We just have to decide what we want. Do we want the rule of law, or do we want to put all that aside and just let the Democrats get their way all the time?

Dredged up, rehashed content? Yep, it must be Cobra!

Cobra?? Huh? I don't get this. Voter fraud from any side of the aisle is unacceptable, period. And it is really, really damaging to a civil rights organization such as Acorn, because they will only attract fringe elements to their cause if they engage in or endorse unprincipled activity. Civil rights organizations have a higher calling to be principled - and refrain from endorsing fraud and stick the their knitting in promote equal opportunities for all. And indeed ACORN has not engaged in alleged criminal activities - they have actually have done so - ACORN volunteers have plead guilty (so much for alleged to voter fraud in St Louis in 2004), and there will be prosecutions now given the flood of claims. And it is not a FOX news issue, or an issue borne from some ism - ACORN is acting in an unprincipled and frankly in some cases illegal way. CNN - an organization that tilts fairly to the left - blew this scandal open and has plenty of material. No one should support this activity - Republican or Democrat. Period. And no one should support any similar activities by Republicans either. Period.

Willowglen writes:

>>>"CNN - an organization that tilts fairly to the left - blew this scandal open and has plenty of material."

Any organization that features Lou Dobbs and Glenn Beck in prominent host spots can't be as "left-tilting" as you claim it to be.

Willowglen writes:

>>>"And no one should support any similar activities by Republicans either. Period."

Again, where have you been, my brother? We've been down this road before on Discriminations:

First, way back Here:
http://www.discriminations.us/2004/08/more_than_1_million_blacks_dis.html#comments

Then here:
http://www.discriminations.us/2004/10/dems_make_knowingly_false_char.html

And I've also brought up all kinds of subjects like Tim Griffin and Karl Rove using "vote caging" to disenfranchise primarily black voters.

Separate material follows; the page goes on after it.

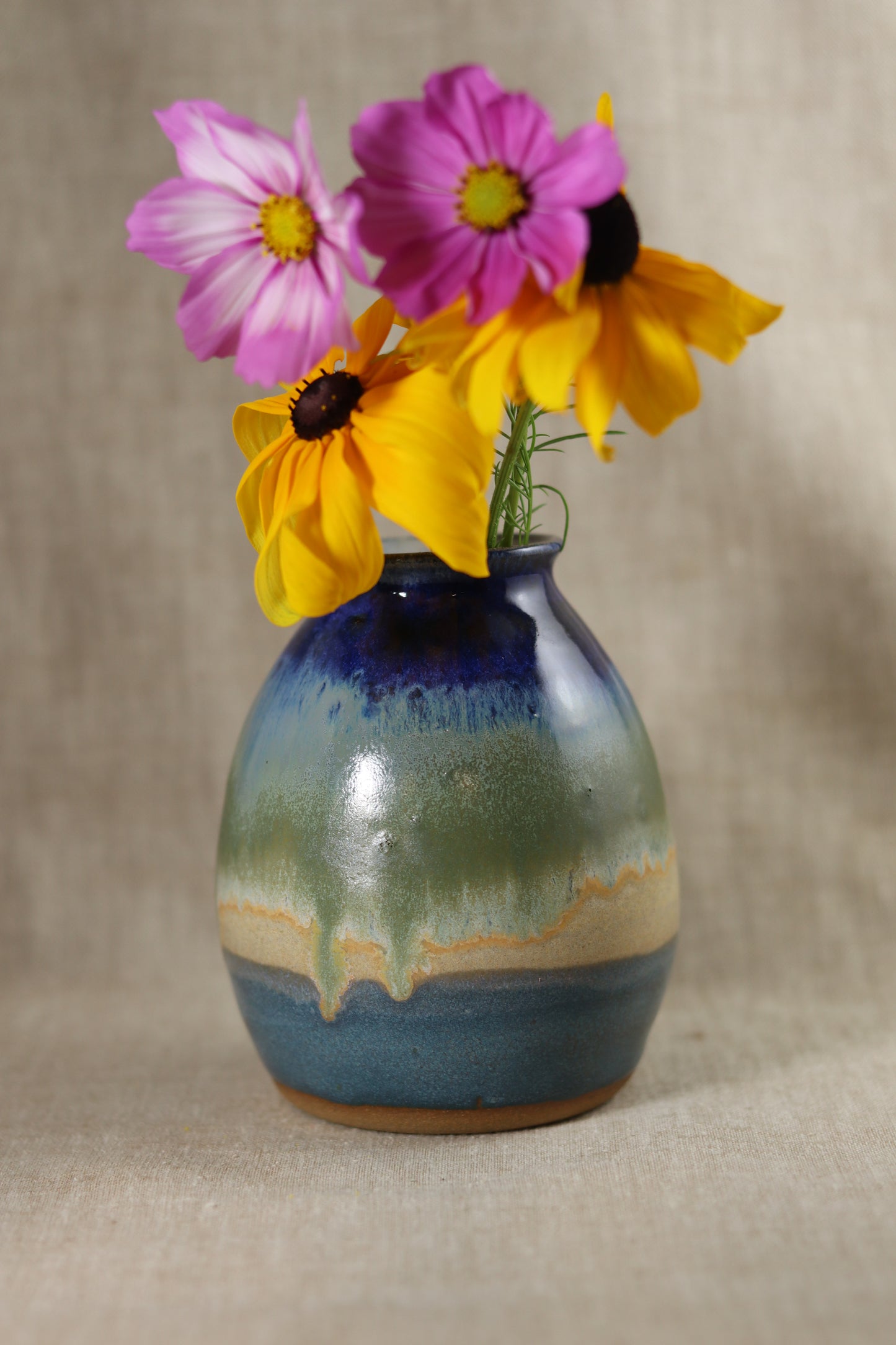 Rounded Short Vase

And keeping with my word, the GOP is at it again in 2008:

>>>"In Michigan, the original story by Eartha Melzer of the Michigan Messenger contained this passage:

“The chairman of the Republican Party in Macomb County, Michigan, a key swing county in a key swing state, is planning to use a list of foreclosed homes to block people from voting in the upcoming election as part of the state GOP’s effort to challenge some voters on Election Day.

‘We will have a list of foreclosed homes and will make sure people aren’t voting from those addresses,’ party chairman James Carabelli told Michigan Messenger in a telephone interview earlier this week...”

“...When asked whether Michigan Republicans plan to create a challenge list based on returned direct mail, a practice known as “vote caging,” Doster replied, ‘I think so. I know this has been done in years past … both parties may be doing this.’”

http://www.clcblog.org/blog_item-258.html

>>>"As for Ohio, the initial story there suggested that an Ohio GOP official would not rule out the possibility that the party would challenge voters at the polls stating. Quoting the Franklin County GOP chairman, the Columbus Dispatch reported that Priesse “didn't rule out challenges before Nov. 4.”

The latest story this week on possible efforts to challenge foreclosed voters came from the NY Times, and contained this passage: “Asked whether his party planned to use foreclosure information to compile challenge lists, Robert Bennett, a spokesman for the Ohio Republican Party, said the party did not discuss its election strategies in public.”"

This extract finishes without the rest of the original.